Great Yarmouth Preservation Trust (GYPT) and Great Yarmouth Borough Council have compulsorily purchased the property on 160 King Street after it fell into a state of disrepair.
Darren Barker, project manager at the GYPT, said: “We have been waiting for two years for the compulsory purchase report to go through, now the council have temporary ownership of the property and will be passing it over to us very soon.”
A report from the council in 2017 showed that the timber-framed building fell into disrepair after being neglected since 2001.
Councillors then voted for the compulsory purchase of the site in a bid to save the historic structure.
The report said: “It is an exceptionally important heritage asset not least because it is the last remaining timber-framed building in the urban area of Great Yarmouth.
“This offers a direct link with the town’s mediaeval origins and is a rare survivor.
“It makes a significant contribution to the character and appearance of the King Street conservation area in terms of the visual rhythm and spatial quality of the built environment of the street.

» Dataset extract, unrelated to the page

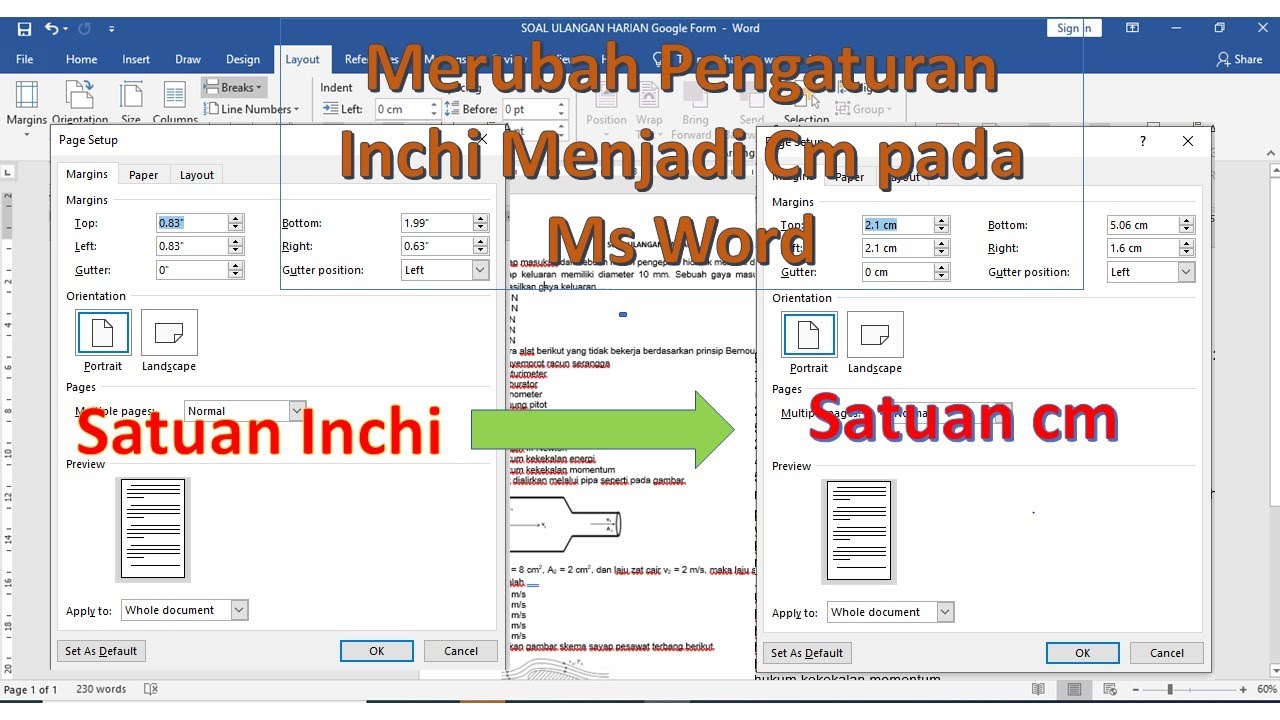 Menguasai Pengaturan Kertas Cara Mengubah Ukuran Kertas Inci ke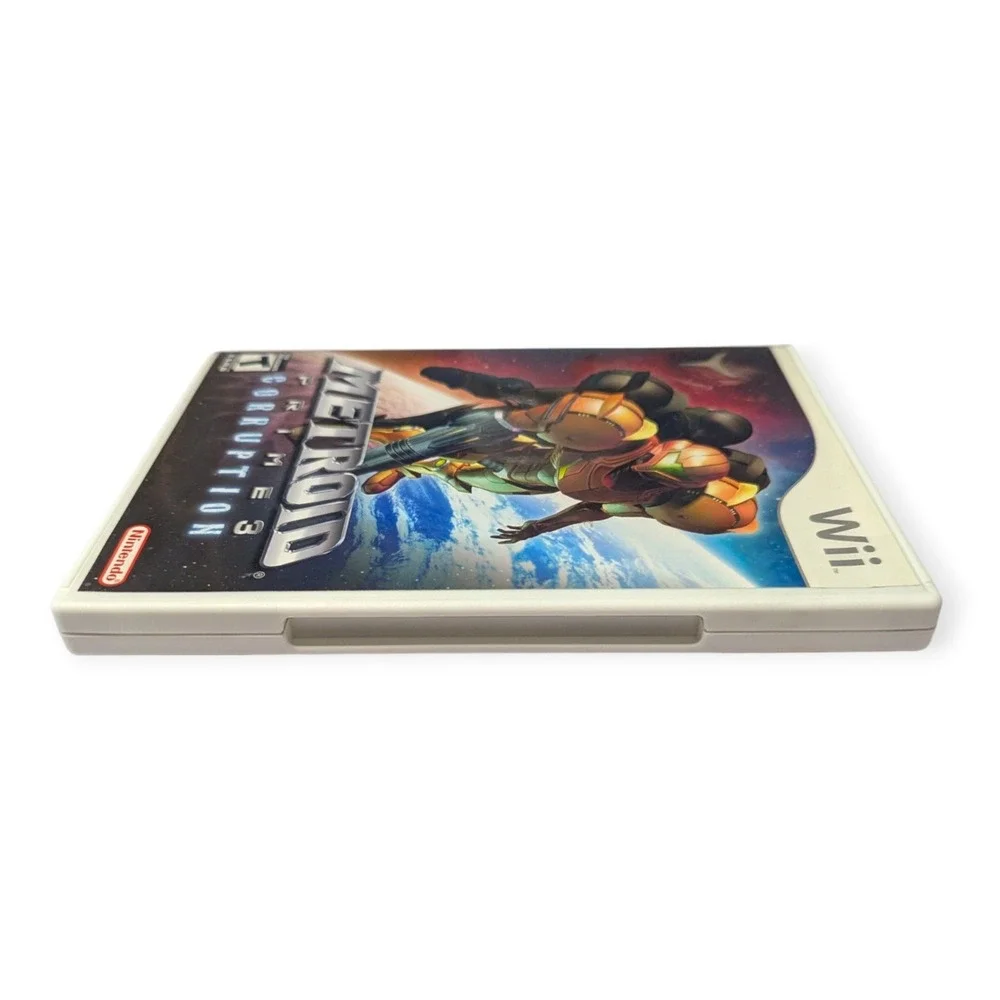 Metroid Prime 3 Corruption Nintendo Wii CIB Complete Samus Aran Action FPS 2007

“It contributes to the fascinating standing archaeology of the area and the sense of evolution and development of the street from 16th century buildings to mid-20th century examples.”
Due to the building being listed, the GYPT is limited with what it can change in the property.
The trust can repair the building back to its original standards but cannot alter its character, such as the colour of walls.
Mr Barker said: “We will undertake a full and comprehensive repair to the residential and retail building but first we will need to perform some emergency repairs as water has been entering the property.
“Based on the costs of other similar repair projects in King Street, the full cost will be between £400,000-£500,000.
“Due to its timber-frame and the sensitive work needed I would expect the work to take around two years.”